Tolomanoski hopes to nurture the burgeoning creative scene and provide a space where all are welcome. “We believe in community. We want to spread arts and culture and have people feel mentally stimulated as well as have fun,” he says. “Ideally, I want to keep this growing and have this building continue to be a hub for artists — that’s why it was created. If anything comes from this, I would hope it’s that any creative being (or non) can come here and feel a part of the community.”
Tolomanoski will be opening his art studio at 1108 R Street on Sept. 10-11 for the Verge Center for the Arts’ Sac Open Studio Tours.
Can you talk about your path as an artist and life at the WAL?
First Friday is where I began showing my artwork almost seven years ago at the WAL. A few years later I started taking my artwork to festivals and participated in local pop-ups.
Living at the WAL in downtown Sacramento has given me so much opportunity, especially with showcasing my artwork. I was able to reignite my creativity in this building. I’ve been able to have my ideas come to life and further develop my art and business.
Were you always an artist or was it something you discovered later in life?
I was very creative as a child. I would draw a lot and doodle, especially in class when I was bored. I was mostly into music and fashion. I enjoyed art but truly immersed myself in it while attending Centenary University (a private liberal arts college in New Jersey).
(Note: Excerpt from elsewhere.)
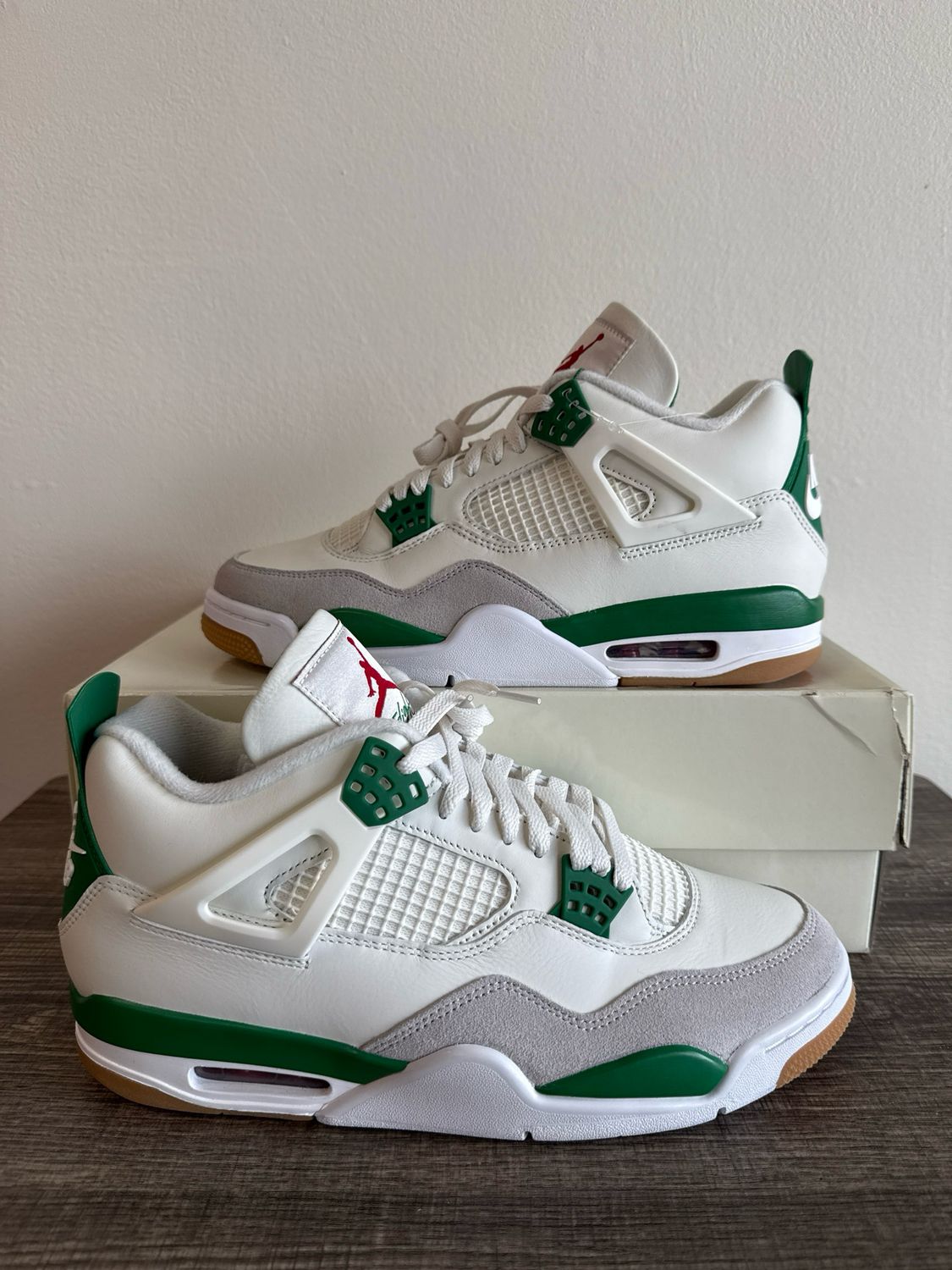 Jordan 4 SB Pine Green (new, box) Sz 10.5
What themes do you explore in your work?
The themes I like to explore in my artwork are that of the human psyche and what it means to be alive; the connectedness we all share and how much more alike we are than we tend to admit. I consider my artwork to be psychological, dealing with inner and external influences. Like many artists you’ll find love, betrayal, death, life, rebirth, conflict, equality, religion — matters we all deal with while existing. The human condition is what I like to express — hopefully people can relate. I like to use bright, vibrant colors for the most part. It’s what inspires me.
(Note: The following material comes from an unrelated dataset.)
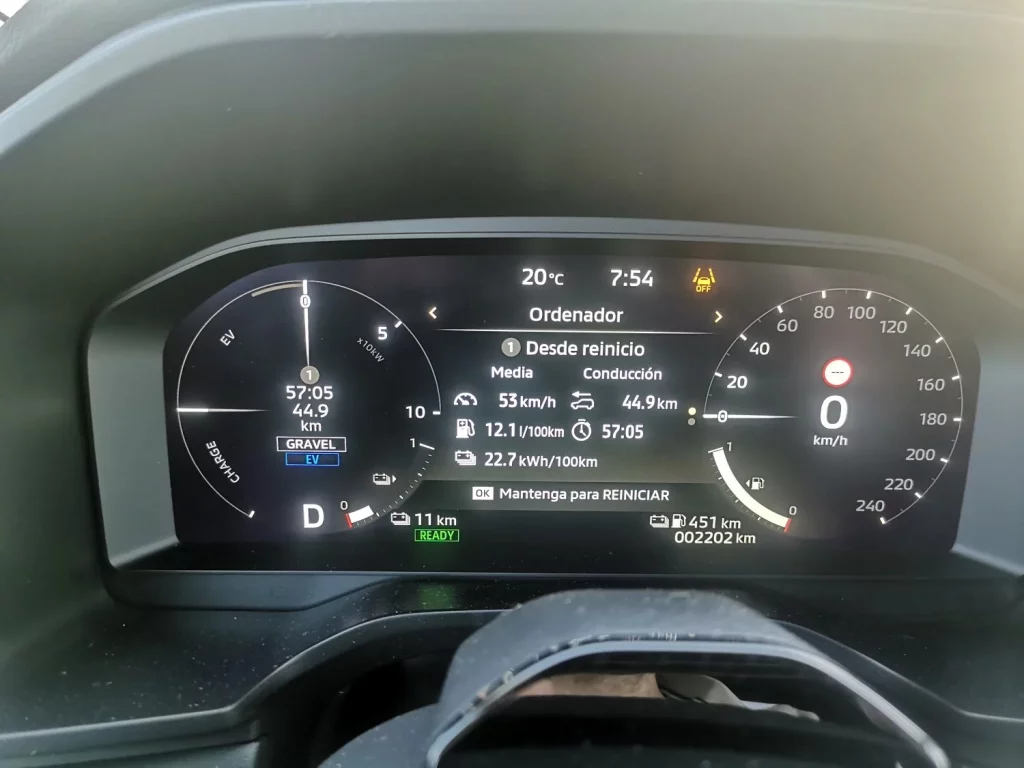 Probamos el Mitsubishi Outlander PHEV Kaiteki: Fiel a la tradición 14 Motor16 Mitsubishi Outlander PHEV Kaiteki 16 Motor16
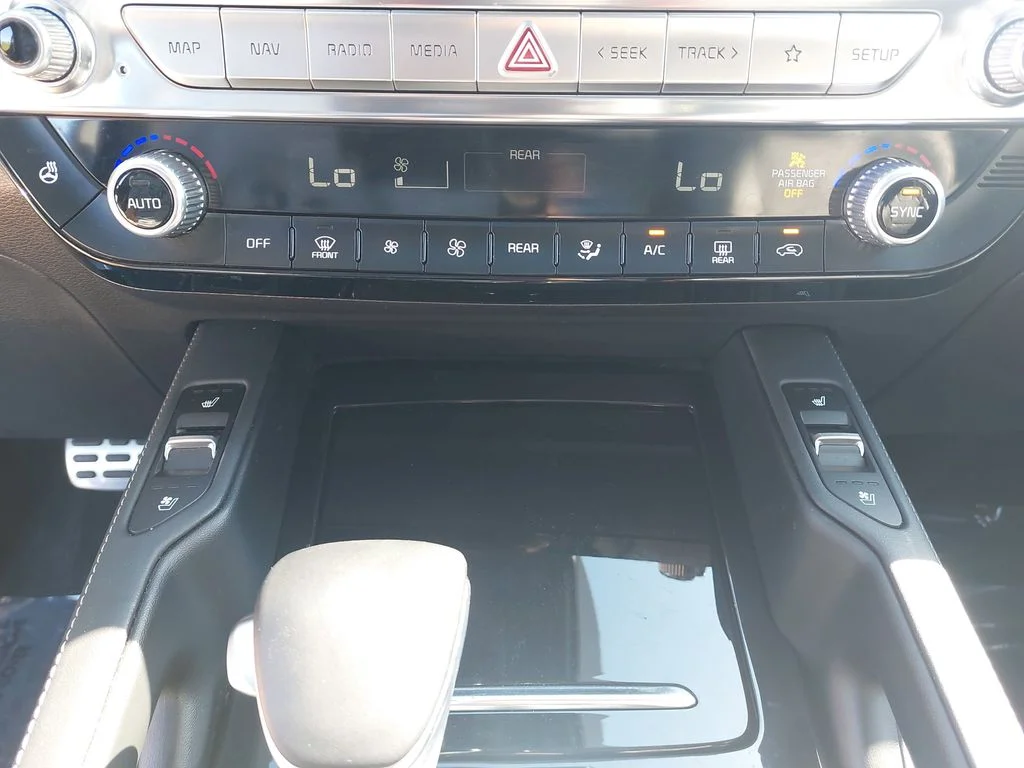 Used 2022 Black Kia SX image 25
What’s your creative process like?
The creation process varies. Sometimes I’m inspired by a word, thought or sentence. I start out with my background (the backdrop of the collage) and go from there. When I begin to create a piece or explore concepts or ideas, having my background enables me to push to the next phase. I start out organically but as a piece evolves, it becomes purposeful and not so random.
A lot of thought and editing goes into each piece. The materials I use are paper, photographs, drawings and images from magazines and books. I like to do research and collect my inventory, recycling an image that may have been overlooked by the observer in its prior use. I like to use older publications as much as possible. I’ve been collecting images throughout the years.
The collage process is very intimate and personal. You have to touch each piece and cut away any excess until you’re satisfied with your shape. Without an idea, color, composition or a willingness to be vulnerable, you have nothing. All of this is key in the process of creating. As I push forward through each piece it becomes this giant puzzle I start to assemble, consuming me until I’m able to convey my thoughts into reality, solely working with my feelings and emotions as the drive behind my creation.
How do you describe yourself?
I’m a collage artist and a storyteller. I think that’s actually where my talent lies. I don’t even think I’m that great of an artist, I just put things together and reimagine them in my own way.
How has the reception been to your work?
People have been super supportive of my artwork. Mostly positive responses but also some questioning my style and what I do. I encourage all conversations. I feel blessed from my patrons, truly.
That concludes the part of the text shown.